Y así lo hicimos. Nos enfilamos por la calle que formaba la esquina donde estaba la casa de mi amigo Miguel, y dos cuadras más allá topamos con la amplia avenida donde aún estaba, erguido y señorial, el magnífico edificio que había sido mi colegio. Lo contemplé largo rato intentando evocar algo de aquel remoto pasado, lo que sólo pude conseguir de manera vaga, pero con la fuerza suficiente para incrementar la estimulante inquietud que seguía sacudiendo mi espíritu.

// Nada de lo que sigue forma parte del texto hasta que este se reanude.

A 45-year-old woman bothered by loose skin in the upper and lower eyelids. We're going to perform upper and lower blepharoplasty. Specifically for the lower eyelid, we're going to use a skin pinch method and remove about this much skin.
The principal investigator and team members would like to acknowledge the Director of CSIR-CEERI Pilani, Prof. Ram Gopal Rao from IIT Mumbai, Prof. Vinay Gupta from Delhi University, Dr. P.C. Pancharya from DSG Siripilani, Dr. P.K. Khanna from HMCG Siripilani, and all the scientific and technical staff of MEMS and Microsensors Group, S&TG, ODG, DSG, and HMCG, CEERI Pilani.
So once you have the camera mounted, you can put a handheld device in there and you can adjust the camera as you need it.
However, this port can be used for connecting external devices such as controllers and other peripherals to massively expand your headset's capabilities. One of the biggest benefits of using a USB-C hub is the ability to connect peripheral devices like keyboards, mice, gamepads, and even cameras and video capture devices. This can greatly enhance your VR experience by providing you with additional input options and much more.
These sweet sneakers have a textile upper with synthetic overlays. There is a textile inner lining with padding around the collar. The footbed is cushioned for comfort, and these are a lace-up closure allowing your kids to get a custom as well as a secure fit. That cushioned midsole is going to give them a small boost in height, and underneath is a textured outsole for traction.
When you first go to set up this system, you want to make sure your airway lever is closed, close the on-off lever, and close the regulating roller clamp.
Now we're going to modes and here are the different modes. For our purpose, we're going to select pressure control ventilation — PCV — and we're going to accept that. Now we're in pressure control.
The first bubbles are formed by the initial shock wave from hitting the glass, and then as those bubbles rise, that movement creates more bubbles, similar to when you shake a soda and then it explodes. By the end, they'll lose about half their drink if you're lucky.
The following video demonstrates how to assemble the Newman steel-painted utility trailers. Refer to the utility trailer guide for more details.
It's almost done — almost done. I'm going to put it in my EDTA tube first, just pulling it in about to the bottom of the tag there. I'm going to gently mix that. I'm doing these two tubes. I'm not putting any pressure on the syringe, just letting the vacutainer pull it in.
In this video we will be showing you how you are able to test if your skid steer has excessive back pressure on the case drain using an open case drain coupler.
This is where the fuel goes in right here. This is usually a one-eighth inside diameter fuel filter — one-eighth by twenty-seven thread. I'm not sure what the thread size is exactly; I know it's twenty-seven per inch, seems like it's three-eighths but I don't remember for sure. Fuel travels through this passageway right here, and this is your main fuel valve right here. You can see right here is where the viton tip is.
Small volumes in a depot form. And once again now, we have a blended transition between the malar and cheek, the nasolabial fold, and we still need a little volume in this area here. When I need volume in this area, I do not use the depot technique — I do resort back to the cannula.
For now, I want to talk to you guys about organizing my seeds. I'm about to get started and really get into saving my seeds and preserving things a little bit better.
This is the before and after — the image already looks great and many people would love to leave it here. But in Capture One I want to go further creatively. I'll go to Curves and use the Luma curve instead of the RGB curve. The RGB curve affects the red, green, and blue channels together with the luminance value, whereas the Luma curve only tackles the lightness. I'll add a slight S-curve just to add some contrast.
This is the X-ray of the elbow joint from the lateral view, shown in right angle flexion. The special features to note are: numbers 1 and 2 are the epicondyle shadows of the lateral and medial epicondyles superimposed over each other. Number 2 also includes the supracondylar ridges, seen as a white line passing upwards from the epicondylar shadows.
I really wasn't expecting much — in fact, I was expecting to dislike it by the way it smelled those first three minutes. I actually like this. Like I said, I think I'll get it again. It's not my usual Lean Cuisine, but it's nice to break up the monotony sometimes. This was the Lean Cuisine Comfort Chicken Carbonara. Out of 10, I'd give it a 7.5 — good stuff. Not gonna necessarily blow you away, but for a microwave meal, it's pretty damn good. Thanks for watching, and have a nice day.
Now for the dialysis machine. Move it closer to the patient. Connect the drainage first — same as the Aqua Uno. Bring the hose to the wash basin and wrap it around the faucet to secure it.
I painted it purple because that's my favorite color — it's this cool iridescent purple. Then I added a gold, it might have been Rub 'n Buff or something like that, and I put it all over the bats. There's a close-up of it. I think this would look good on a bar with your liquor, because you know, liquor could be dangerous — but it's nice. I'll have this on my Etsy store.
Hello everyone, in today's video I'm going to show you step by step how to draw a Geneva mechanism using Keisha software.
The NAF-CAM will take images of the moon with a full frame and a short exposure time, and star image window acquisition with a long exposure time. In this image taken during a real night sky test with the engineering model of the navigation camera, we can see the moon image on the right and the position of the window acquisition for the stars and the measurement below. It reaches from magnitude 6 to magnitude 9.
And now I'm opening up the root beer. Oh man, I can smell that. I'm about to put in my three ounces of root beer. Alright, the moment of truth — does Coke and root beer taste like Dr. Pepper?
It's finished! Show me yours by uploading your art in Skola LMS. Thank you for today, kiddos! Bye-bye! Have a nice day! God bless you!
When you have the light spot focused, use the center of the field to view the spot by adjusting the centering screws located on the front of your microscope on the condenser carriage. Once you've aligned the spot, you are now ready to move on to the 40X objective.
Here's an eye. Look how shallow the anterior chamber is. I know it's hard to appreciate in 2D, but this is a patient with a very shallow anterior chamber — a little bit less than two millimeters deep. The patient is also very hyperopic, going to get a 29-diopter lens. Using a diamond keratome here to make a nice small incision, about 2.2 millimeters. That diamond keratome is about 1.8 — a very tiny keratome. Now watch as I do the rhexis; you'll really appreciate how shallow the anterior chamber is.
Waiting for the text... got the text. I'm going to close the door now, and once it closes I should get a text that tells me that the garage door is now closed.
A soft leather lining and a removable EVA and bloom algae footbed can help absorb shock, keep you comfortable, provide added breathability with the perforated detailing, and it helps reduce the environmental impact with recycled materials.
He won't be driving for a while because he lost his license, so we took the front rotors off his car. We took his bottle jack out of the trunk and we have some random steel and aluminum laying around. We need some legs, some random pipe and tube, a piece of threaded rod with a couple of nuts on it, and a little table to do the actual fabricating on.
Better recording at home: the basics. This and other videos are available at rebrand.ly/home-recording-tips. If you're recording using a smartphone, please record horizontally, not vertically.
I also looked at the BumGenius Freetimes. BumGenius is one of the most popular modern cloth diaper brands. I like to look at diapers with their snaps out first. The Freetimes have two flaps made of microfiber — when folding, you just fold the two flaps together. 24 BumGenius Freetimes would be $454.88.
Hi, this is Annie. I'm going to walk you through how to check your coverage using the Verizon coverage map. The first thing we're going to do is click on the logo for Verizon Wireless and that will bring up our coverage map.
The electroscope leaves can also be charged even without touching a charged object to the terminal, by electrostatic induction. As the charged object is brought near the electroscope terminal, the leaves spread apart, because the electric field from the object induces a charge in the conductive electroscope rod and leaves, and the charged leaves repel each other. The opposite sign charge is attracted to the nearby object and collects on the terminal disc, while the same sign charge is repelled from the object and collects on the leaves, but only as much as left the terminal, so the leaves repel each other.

Regresamos por la otra calle, donde todo me parecía familiar; aunque es probable que dicha impresión estuviera siendo ya fabricada por una nostalgia subconsciente. Tanto, que por ahí me pareció ver el árbol donde en cierta ocasión había estado el inocente zanate que derribé con mi rifle de municiones. El «juguete» había sido un regalo de mi tío Óscar, gran aficionado a la cacería, y a quien me habría gustado presumir el zanate muerto, como trofeo que avalaba mi calidad de cazador. Pero en ese momento mi tío estaba en su oficina, de modo que decidí mostrar el trofeo a mi tía Emilia, quien había ido a charlar con una amiga que vivía en la casa de enfrente, ¡justo en el lugar que ahora ocupaba el hotel! Y eso sí lo recuerdo muy bien: entré corriendo a dicha casa y, mostrando con orgullo el zanate, muerto, exclamé ufano:
—¡Mira, tía: lo cacé yo solito!
Pero eso también lo recuerdo bien: la expresión de reproche y tristeza que impregnó su rostro, así como las palabras que dieron mayor énfasis a la admonición que implicaba su gesto:
—¿Por qué hiciste eso? —me preguntó—. ¿Acaso te había hecho algún daño ese pobre pajarito?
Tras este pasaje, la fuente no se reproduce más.